Another looming threat is re-regulation. Fed up with increasing rates, customers, notably chemical, coal, agribusiness and utility companies, are complaining that these are evidence that the railroads are abusing their market power. The railroads retort that despite record traffic and profits, their return on investment since 2000 has been only 8%, which according to the Surface Transportation Board, another federal regulator, barely covers the cost of capital. They also say that freight rates are usually governed by what their competitors—ie, truckers—charge. When higher diesel costs put up trucking rates, the railways follow suit.

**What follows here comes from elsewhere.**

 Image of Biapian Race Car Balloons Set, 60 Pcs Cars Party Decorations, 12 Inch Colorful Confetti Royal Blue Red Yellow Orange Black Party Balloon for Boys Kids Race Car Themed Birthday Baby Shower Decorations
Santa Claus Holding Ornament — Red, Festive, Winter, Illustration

Politicians from West Virginia have been pushing a bill in Congress that threatens to re-regulate the railways. The industry seems confident it will not get through, but risks will remain: opposing PTC could play into the hands of those who wish to increase oversight. In his annual letter to shareholders in February Mr Buffett said that BNSF, like Berkshire Hathaway's electric utilities, required “wise regulators who will provide certainty about allowable returns so that we can confidently make the huge investments required to maintain, replace and expand the plant.”
The emergence of express intercity rail services may cause the freight railways the biggest problem of all. The policy is not only laid down by the president but also often has enthusiastic support at state level. The railways can hardly oppose Mr Obama's plan to boost high-speed rail, but they are apprehensive about what it will mean for them.

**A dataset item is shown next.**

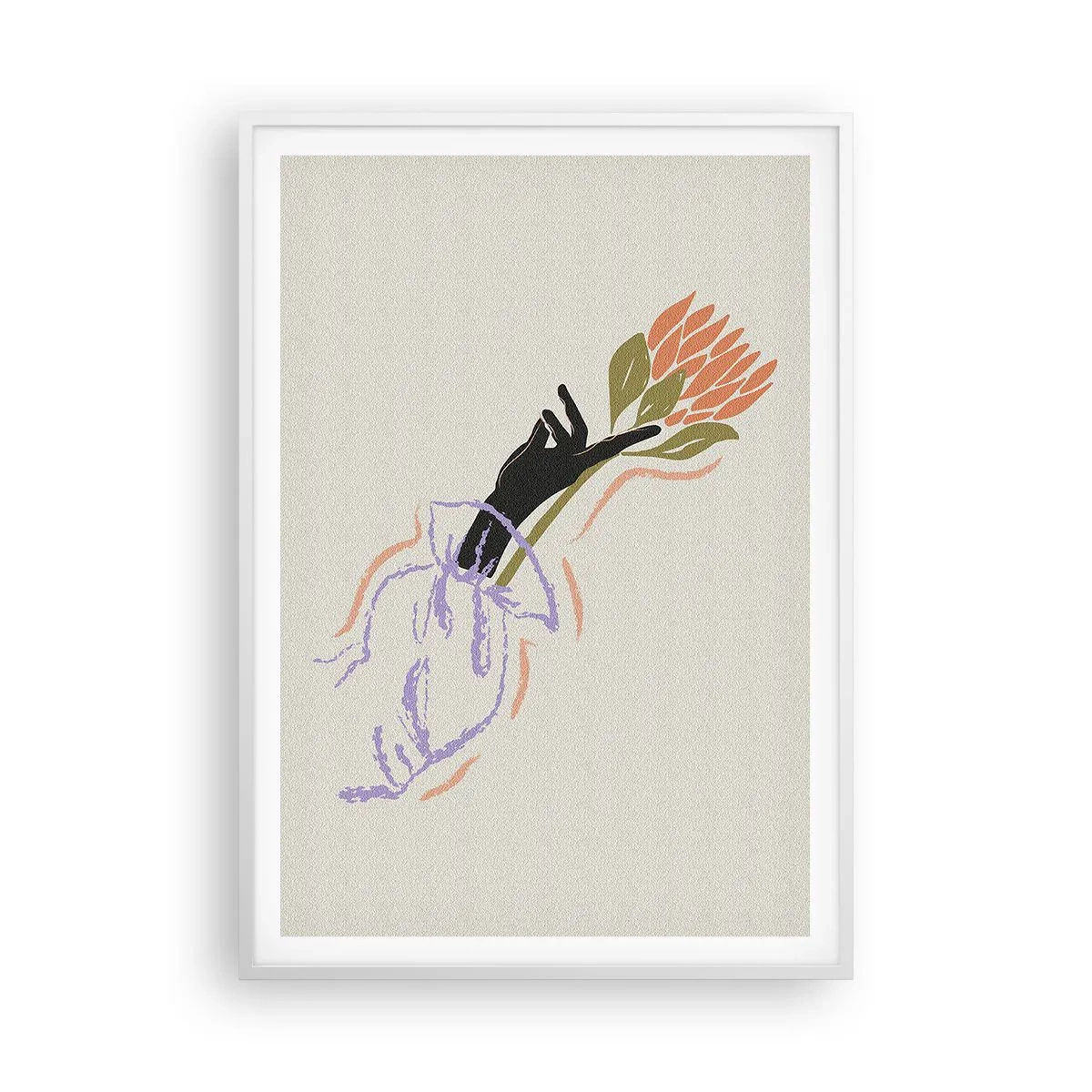 Pôster em moldura branca - Toque fraterno - 70x100 cm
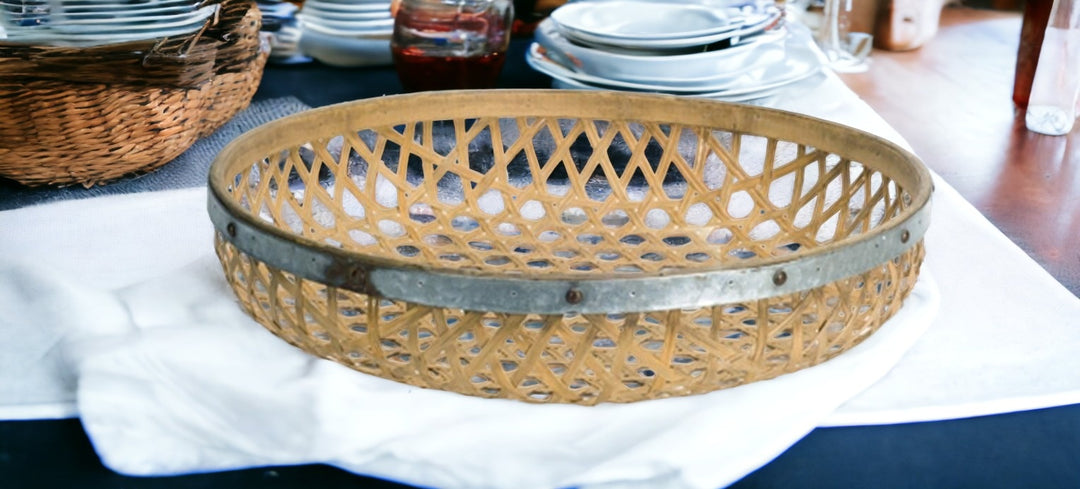 Set Of Three Brown Round Solid Wood Serving Tray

The problem is not the creation of new corridors with trains rattling along at 150mph. Such lines, like those proposed in California or between Tampa and Orlando in Florida, would have their own track, separated from existing lines though on the same strip of land as a freight railway. The expertise to build and run these lies mainly in Europe and Japan, where engineering firms and the technology and consulting arms of national railways have been eyeing the American market eagerly.

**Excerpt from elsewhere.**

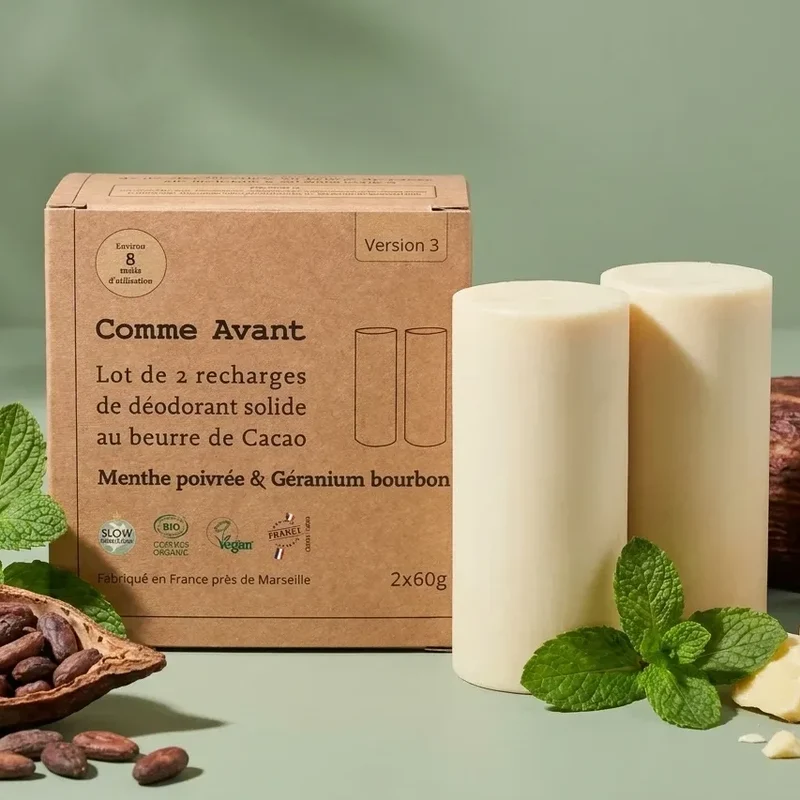 Déodorant solide au beurre de cacao menthe poivrée et géranium (recharges) - 2x60g - Comme Avant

The trouble for the freight railways is that almost all the planned new fast intercity services will run on their tracks. Combining slow freight and fast passenger trains is complicated. With some exceptions on Amtrak's Acela and North East corridor tracks, level crossings are attuned to limits of 50mph for freight and 80mph for passenger trains.
But Mr Obama's plan boils down to running intercity passenger trains at 110mph on freight tracks. Add the fact that freight trains do not stick to a regular timetable, but run variable services at short notice to meet demand, and the scope for congestion grows.